All of the added costs and inefficiencies had reduced my forecast profits to single digits. Mistakes cut them even further. As our reputation spread, so did our growth, and the pressures on cash flow continued. It was a very expensive lesson and ultimately took almost five years to recover. 

Lessons Learned

Let’s back up to the concept about a business being in balance and the related rates between production, sales/marketing, and FinMin. Arguably, the most important consideration is the one that results from your success – the impact on cash flow. Without adequate cash flow, you are done. You can’t grow, and ultimately, you may be out of business.
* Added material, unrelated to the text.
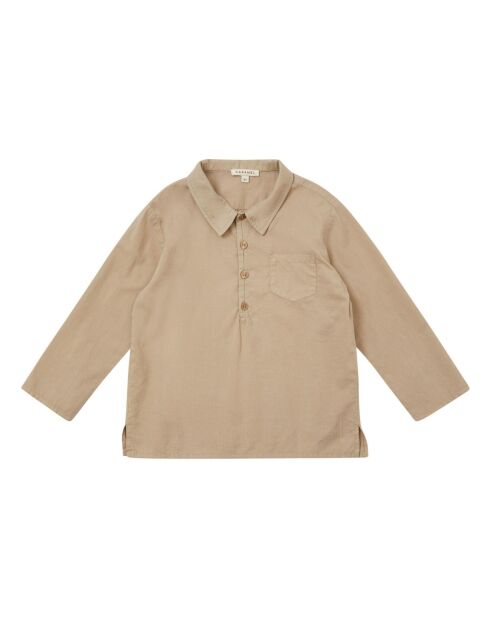 Camicia Bullshark taupe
The decisions you make are tied to how much available cash you have. Young operations today have the luxury of selling online and collecting 100 percent of the order before it is even produced. That definitely lessens the pressure, but it does not solve the problem. More money only accelerates the problems you have. It’s like rocket fuel: Properly channeled, it will accelerate your growth and profitability. Handle it improperly and you’ll blow yourself up.

Lesson #1: Understand Your Cash Flow Statement 

The cash flow statement is the third, and least common, of the major accounting statements. The others are the income statement (also referred to as the profit and loss statement), which details income, expenses, and profits; and the balance sheet, which tells you how your assets and liabilities are divided, as well as how much equity the business has.

The cash flow statement is sometimes called a sources and uses statement. (You may also hear it called a funds statement or a statement of changes in financial position.) Sources are increases in profit, cash from accounts receivable, collections deposits, prepayments, AR advances (receivable financing), and new working capital loans. Uses are principle reduction on loans, accounts payable payments, purchases (inventory, supplies, and equipment), operational expenses, and increases in AR.

Whatever the name, don’t be scared of this document. It simply tells you where your cash is coming from and how you are using it. The statement is the key to your success and survival. Cash is the life blood of the business and if it bleeds out, the business will die. It’s as simple as that.